Walking through the area I couldn't help but thing how damn quaint, cute and cool it was. I absolutely loved it and it ended up being one of my favourite areas of Paris, probably just behind Le Marais and on par with the area that I was staying in, the Latin Quarter.

The most famous building in the area however is the Basilica of the Sacré Cœur, a white domed church on top of butte Montmarte (so yeah, the hill of Montmarte) which overlooks Paris and can be regarded as probably the third best view going around, after the Eiffel Tower and the Arc de Triomphe. I've got to say, another breathtaking site of real beauty which holds a commanding position and definitely acts as a reference point when you're trying to triangulate positioning when walking the streets with no particular destination in mind. Kind of reminds me of Sydney in that sense, I often say to visitors, if you can see Sydney Tower then you should know roughly where you are.

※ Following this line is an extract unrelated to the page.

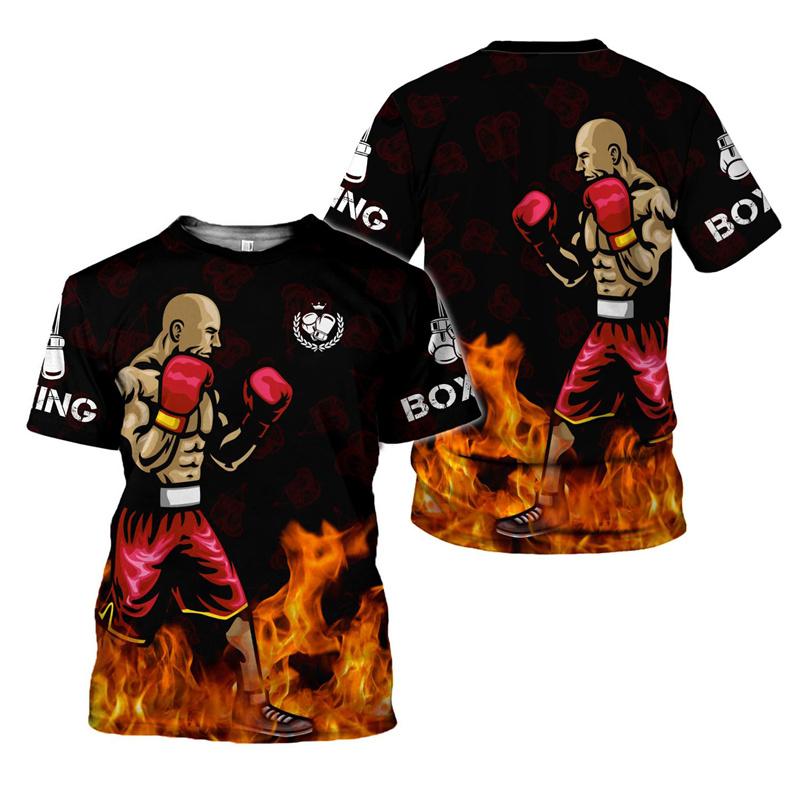 Moda 3d Impresso Boxe T Camisa Das Mulheres Dos Homens Legal Esportes Boxe Camiseta Solta Manga Curta Topos Tripulação Pescoço Oversized Camiseta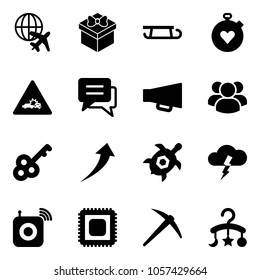 Solid vector icon set - plane globe vector, gift, sleigh, stopwatch heart, car crash road sign, chat, loudspeaker, group, key, growth, sea turtle, storm, wireless speaker, cpu, axe, baby carousel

In Paris if you can see the Eiffel Tower and the Basilica then there's no reason at all you should be lost unless you're drunk out of your mind.





As the afternoon drew on I headed back down into Pigalle and picked myself out a bar for a couple of afternoon cocktails, from memory I took on a Mojito and some other concoction with a Kahlua base. What the drinks did was to spark my appetite and for me that could only mean taking on a little inspiration from Anthony Bourdain and heading down into Le Marais area to check out a little placed called Chez Robert & Louise.

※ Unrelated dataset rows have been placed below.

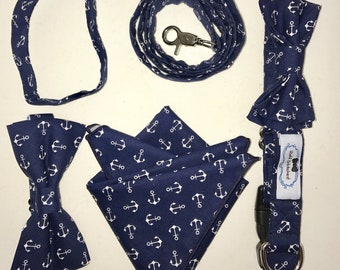Anchor Print Matching Dog and Human Bow Tie Set, Cotton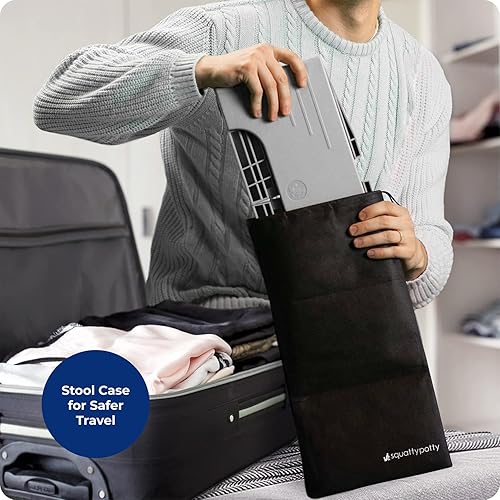 Miniatura 7 de Squatty Potty Porta Traveler Taburete plegable de inodoro para viajes, 7" de altura, gris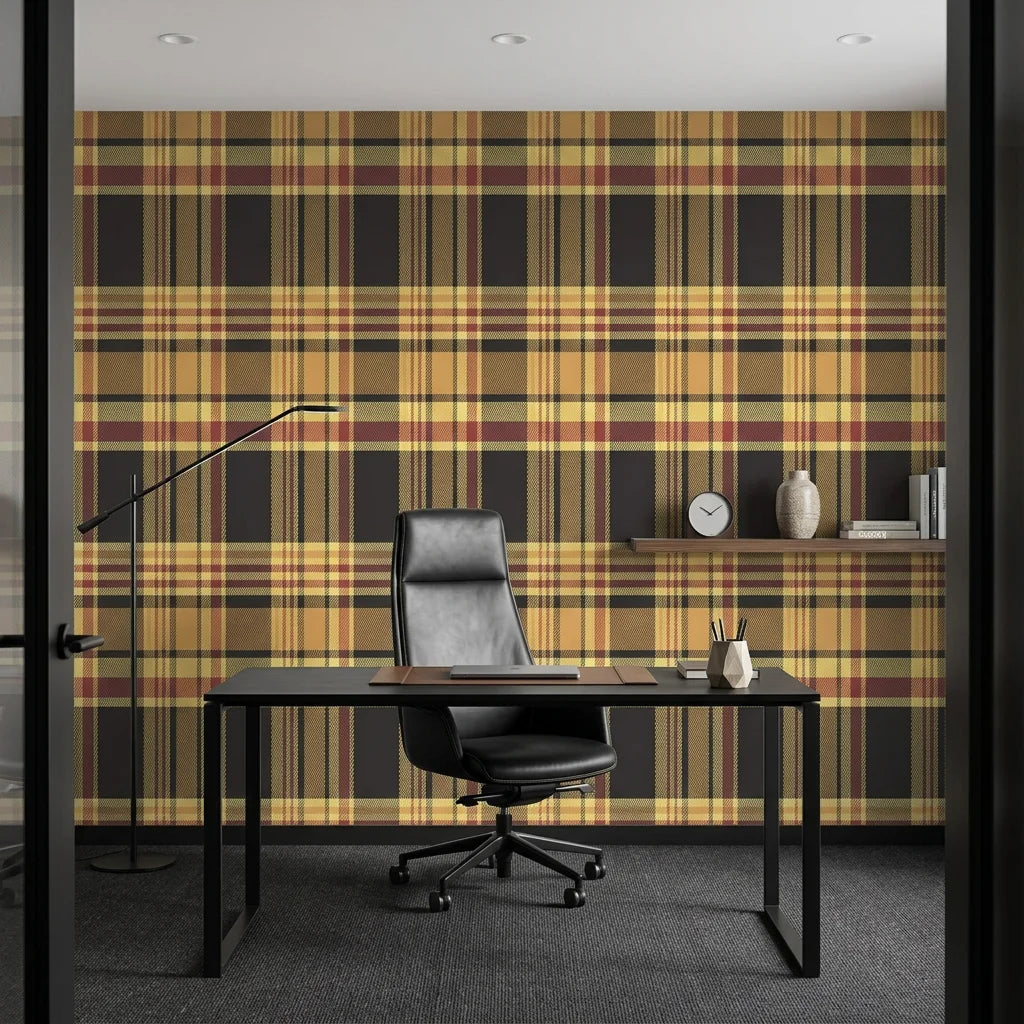 Autumn Lattice warm plaid wallpaper as a feature wall in a bright home office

As I've already said, travelling around Paris and zipping from one side to another is not a difficulty at all. In an instant I was on a train, the station name currently escaping me, making a fast break for Les Halles and then perhaps another change to get to Hotel de Ville. Again, I think the naming is close but I'm not quite on the money.


Le Marais , meaning 'marsh' in French is said to be a bourgeois area of Paris, cutting across the 3rd and 4th arrondissement. You know, Wikipedia told me that - although back in the day when the area was marsh, I hazard a guess and say that it definitely wasn't for the 'well to do'. Just walking around however I could see what Wikipedia meant, chic bars, restaurants, cool bookstores, antique shops, any shops. You also get a bit of a community mix, distinctly gay but also Jewish and I was also feeling a strong Turkish presence. In any case I loved it and ended up spending a little more time there in the next few days plus getting my locks chopped off (silly, silly move - there was really no point)....but yeah, definitely my favourite area of Paris.....a favourite amongst many favourites.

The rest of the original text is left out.